Lovelace, of the Humboldt Watershed Council, asked for and received a meeting with Tamminen -- himself a former Cal EPA secretary -- and a deputy. Lovelace made his own presentation. "I was alone and tried to make them versed in the subject, not knowing they had been briefed by the other side."

If the timber harvest permits granted or pending were carried out, state officials said, it would amount to the equivalent of about 750 clear-cut acres.

But Pacific Lumber's director of science programs, Jeff Barrett, said the company's ability to continue getting logging permits is essential for its survival and for paying for costly environmental conditions of the Headwaters deal. "For now this life-and-death struggle comes down to this limited number of permits."

Kuhlman, who is a federal EPA employee on loan to California, said there are 11 additional permit applications on her desk. She added it is "highly doubtful all 11 will be approved, because of the [cumulative] sediment impacts."
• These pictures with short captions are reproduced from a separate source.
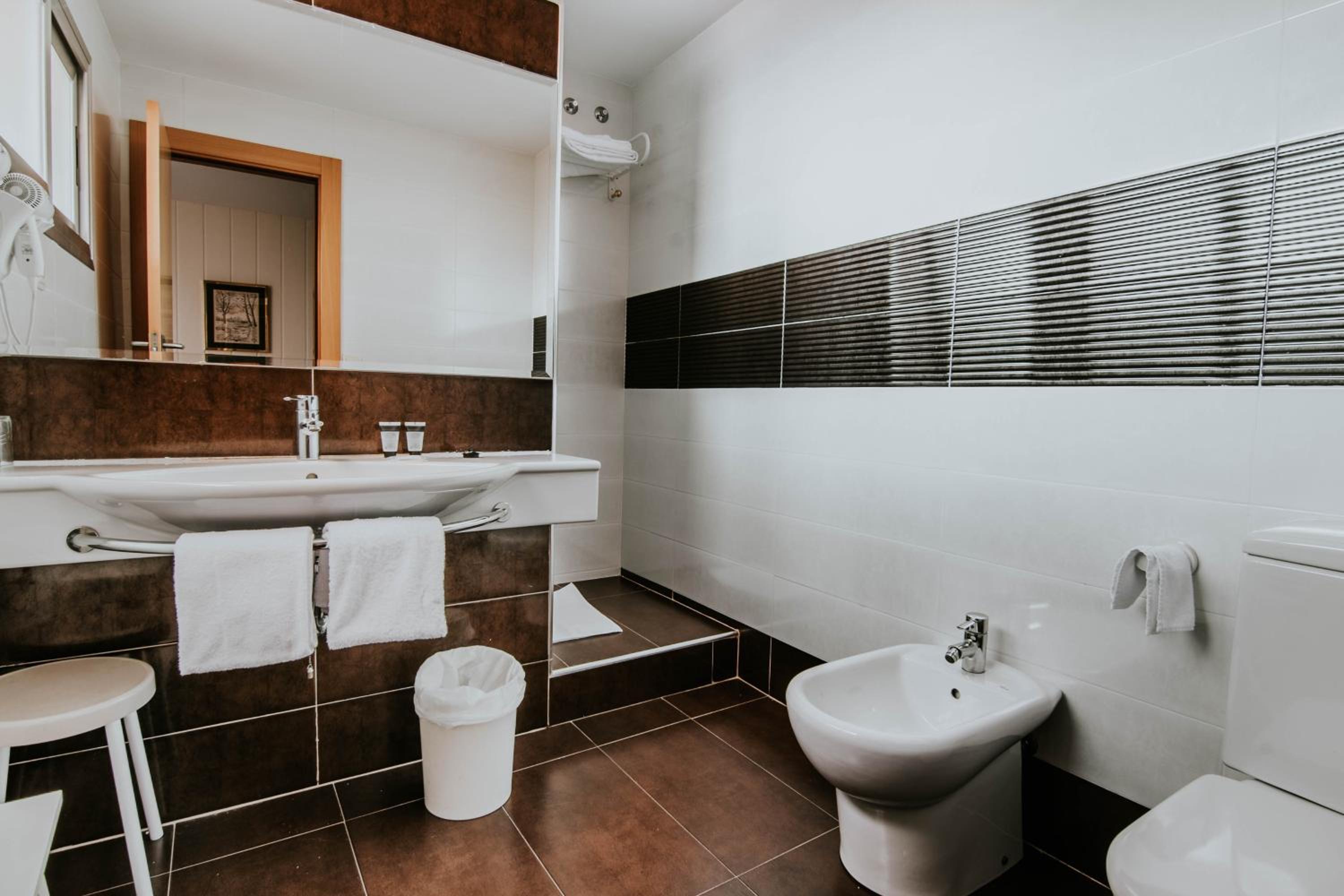 Фото Hotel Isasa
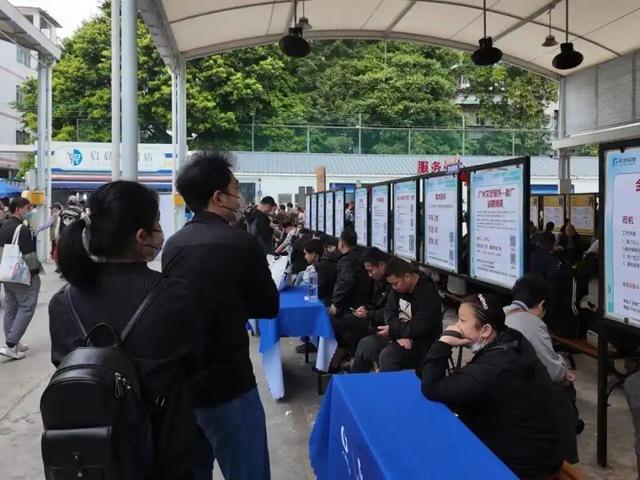 日薪600招不到人老板排队被挑国潮服饰火热工人缺口大(图3)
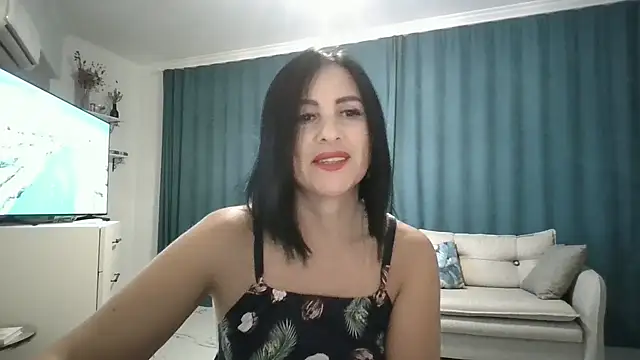 Snapshot of Rosa_Angie chatting on October 4, 2025, 3:59 am Rosa Angie online show from October 4, 2025, 3:59 am
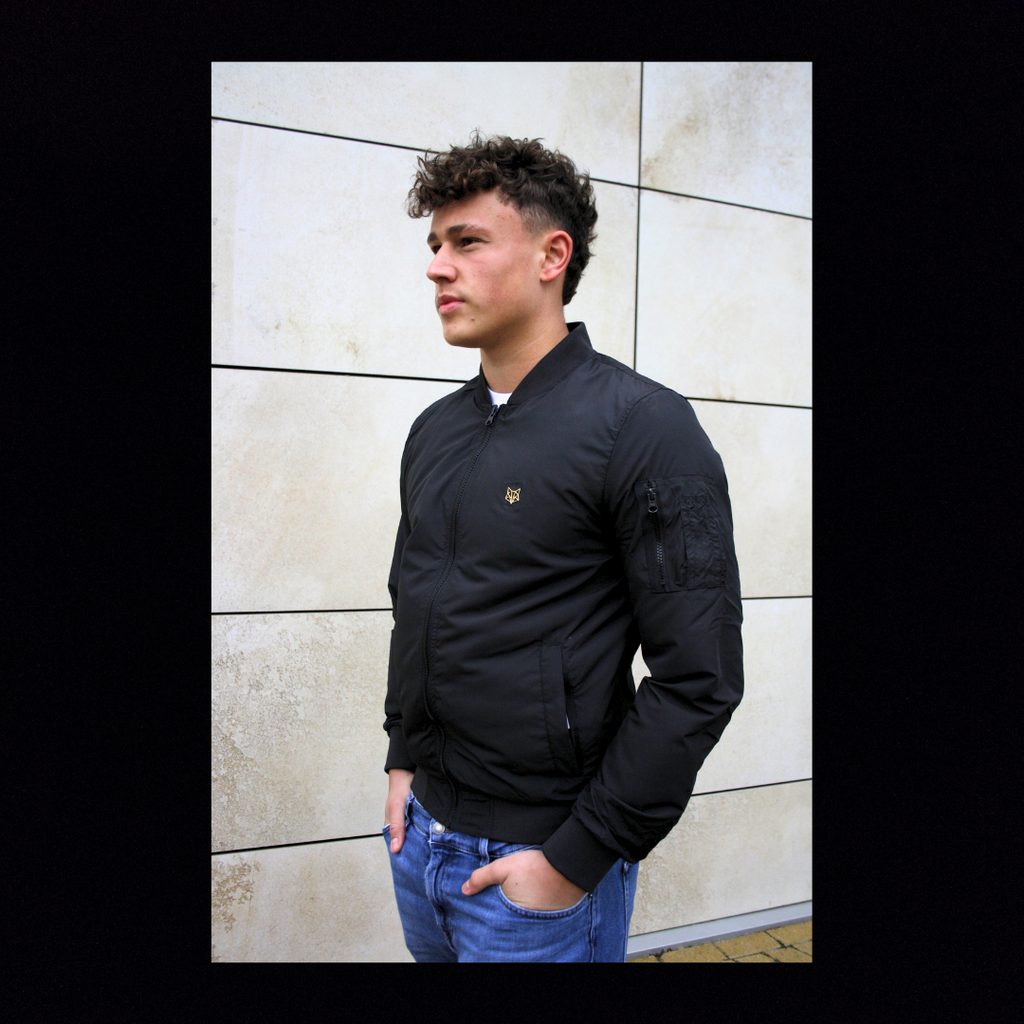 Ultra Lightweight Windbreaker Jacket - Black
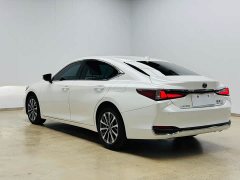Lexus ES 200 Premium Edition - ფოტო 6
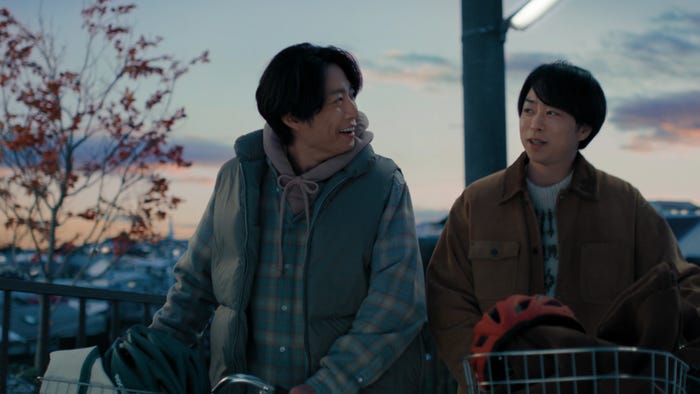 相葉雅紀、櫻井翔「セブン‐イレブン」新テレビCM「温めますか」篇(提供写真)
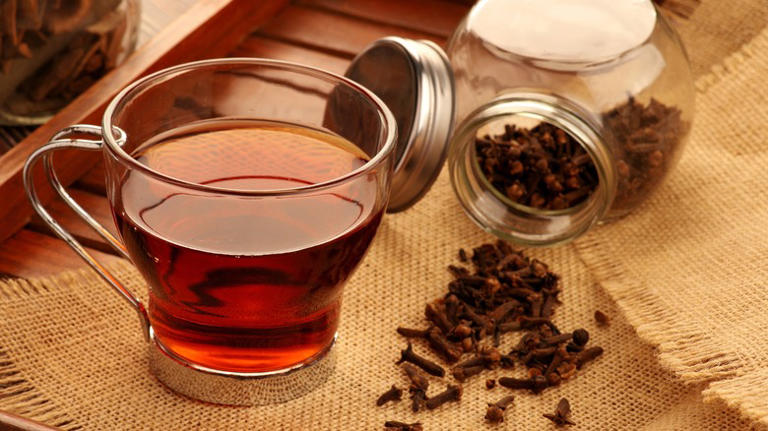 How To Turn Whole Cloves Into A Warming Tea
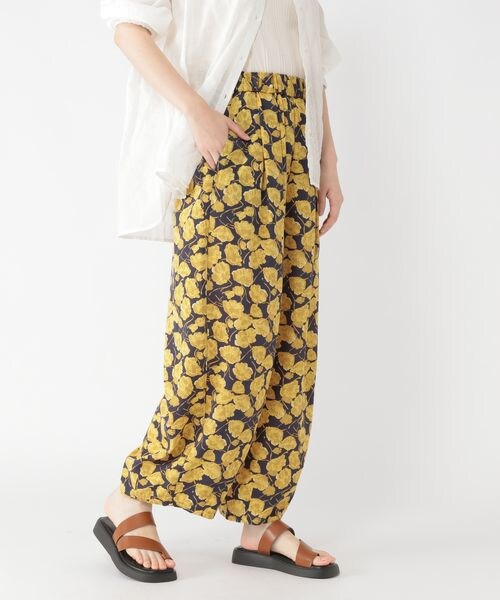 studio CLIP（スタディオクリップ）の「シワになりにくいゆったりパンツ（パンツ・レディース・レッドフラワー01/ブラックフラワー02/イエローフラワー03/タータンチェック04・F）」の3枚目の写真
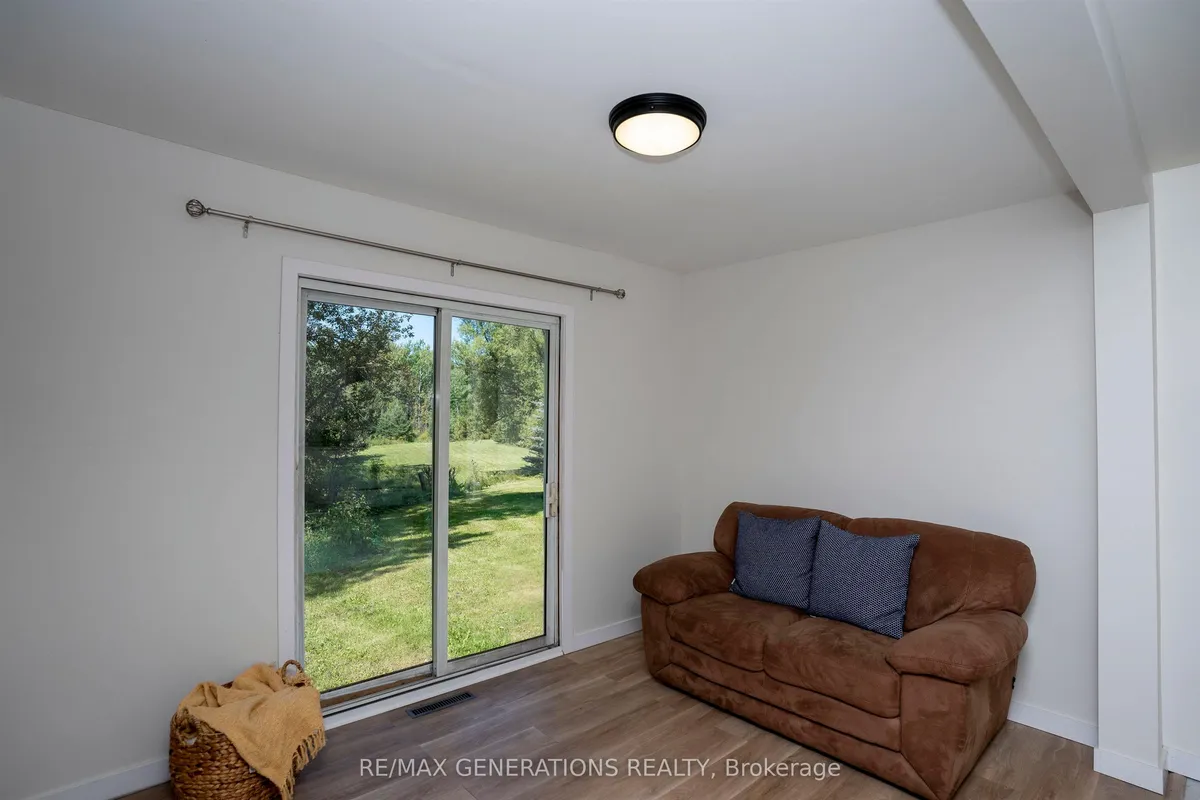 Detached in Conmee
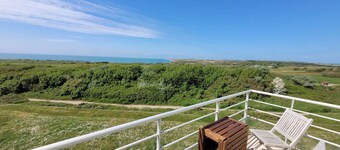 2-Bedroom Duplex with Parking and Pets Allowed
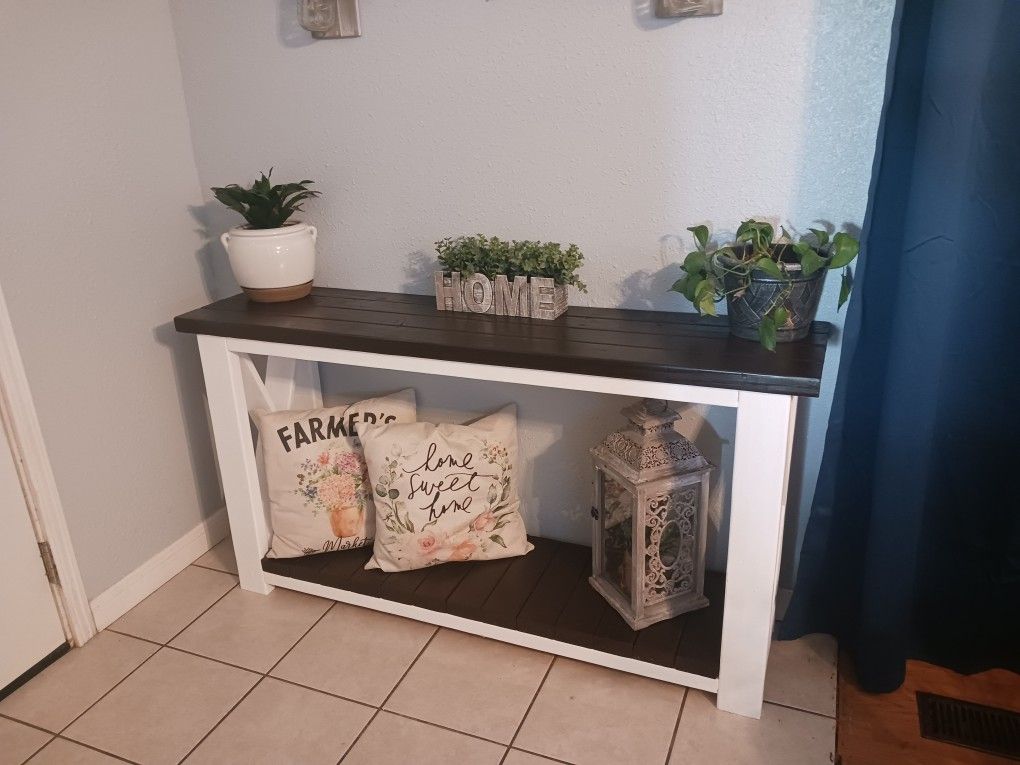 Farmhouse Entry Table 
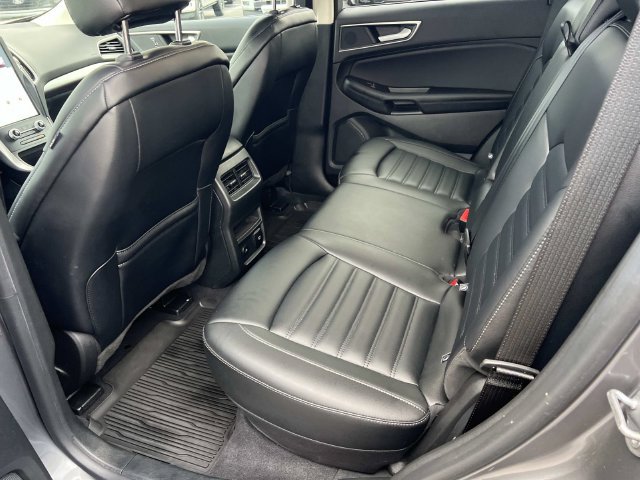 Certified 2024 Ford Edge SEL w/ Convenience Package AWD/4WD image 13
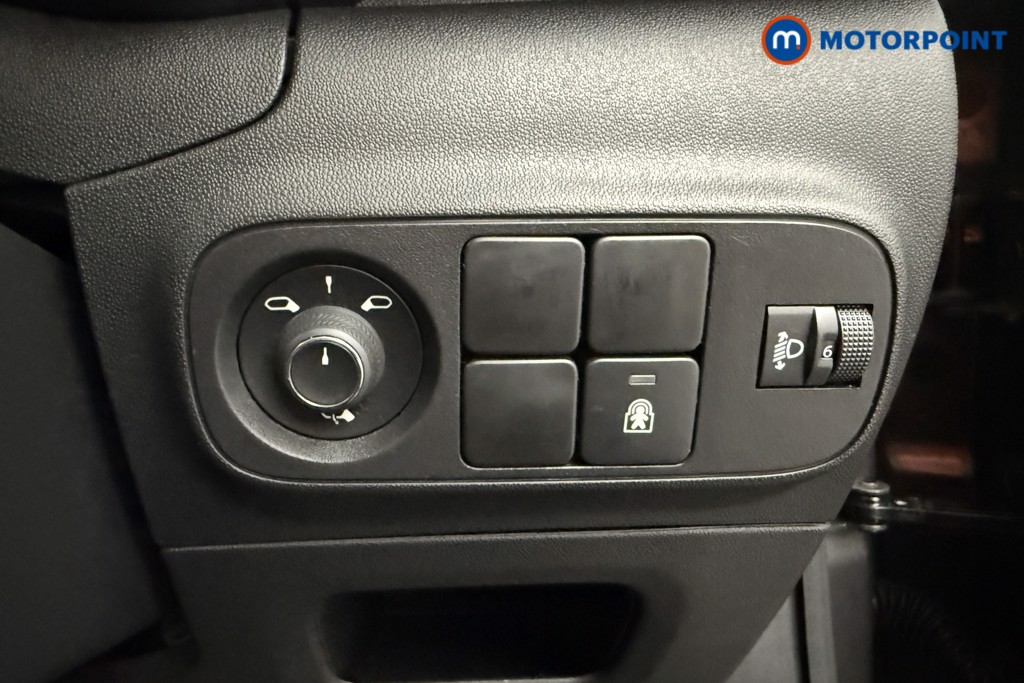 Citroen C3 Plus Manual Petrol Hatchback - Stock Number (1647941) - 5th supplementary image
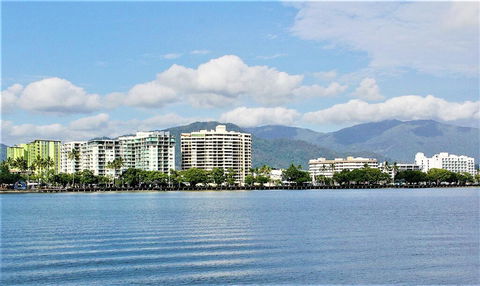 Cairns Aquarius - Accommodation Asia 0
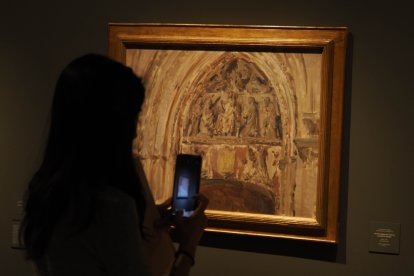 Al fondo, 'Puerta antigua del claustro de la Catedral de Burgos'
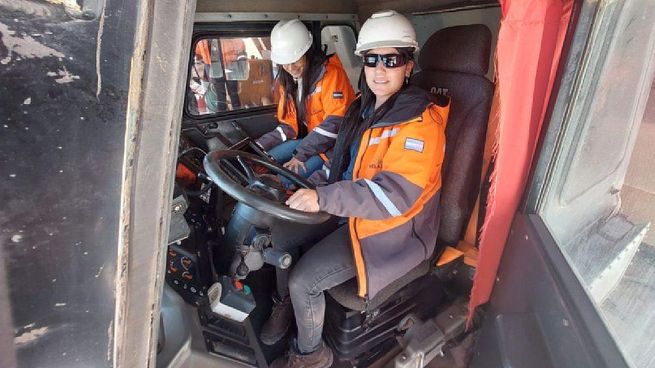 A pesar de la caída general del empleo en minería, el nivel de participación de la mujer en la industria creció hasya los 5.010 puestos de trabajo en julio de este año, lo que representó un 12,6% del empleo minero total.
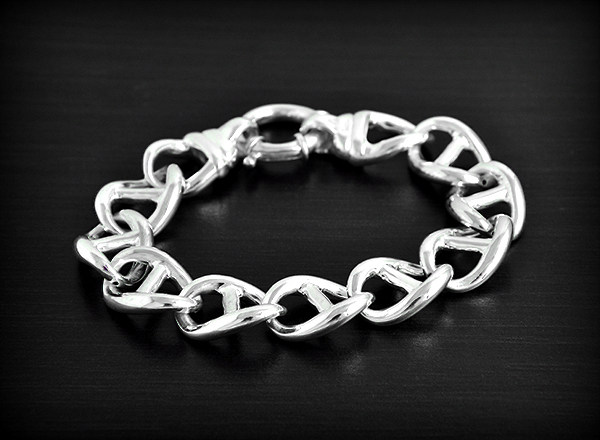 Élégant bracelet en argent maille marine avec polissage miroir.C'est un modèle soufflé et donc...
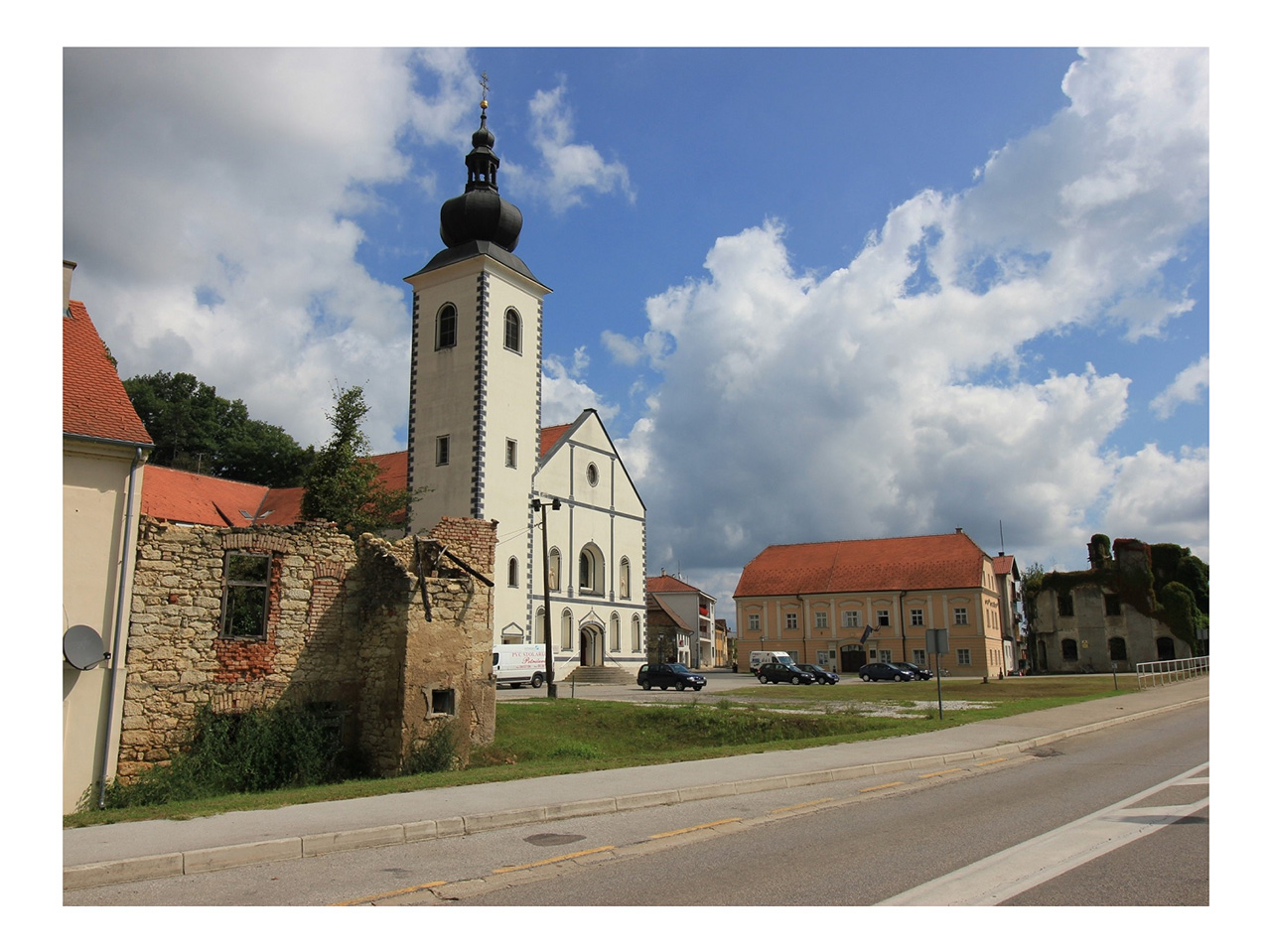 Crkva sv. Antuna Padovanskog u Hrvatskoj Kostajnici. 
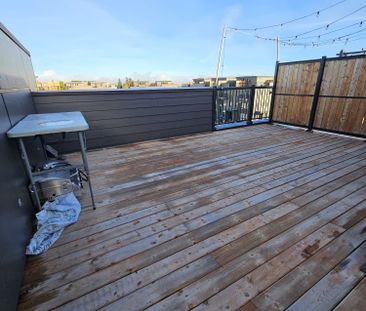 For Lease - 736 Mishi Private, Manor Park - Cardinal Glen and Area,... - Photo 4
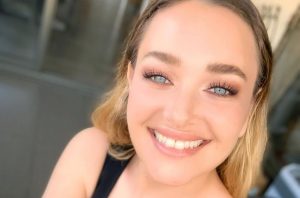 Actriz Daniela Nicolás contó que volvió a vivir con sus papás debido a la crisis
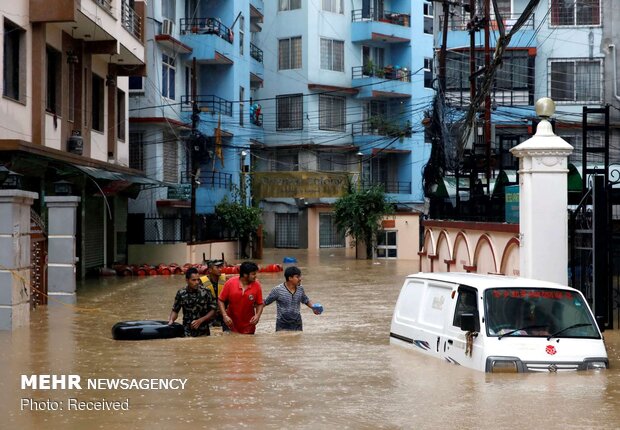 کراچی میں موسلا دھار بارش سے نظام زندگی درہم، مختلف واقعات میں 14 افراد ہلاک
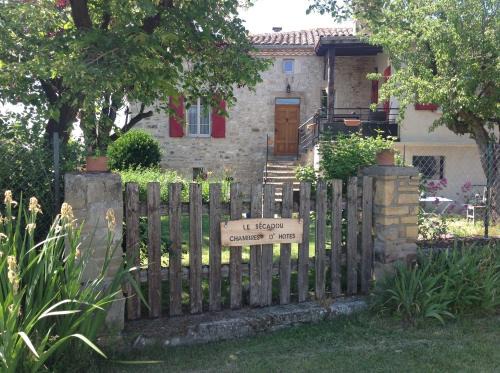 Aiguelèze Bed & Breakfast | le sécadou chambres et table d'hôtes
Meanwhile, people such as Jack Quirey are hoping that the rest of this winter is relatively dry. The retiree said he once had to raise the foundation of his house on Freshwater Creek by three feet after a major flood. "We had 12 inches of water in the house in 1995-1996," he said in a telephone interview. "It causes mold and fills it with silt -- and maybe snakes -- and is impossible to clean completely....There are still marks on the furniture."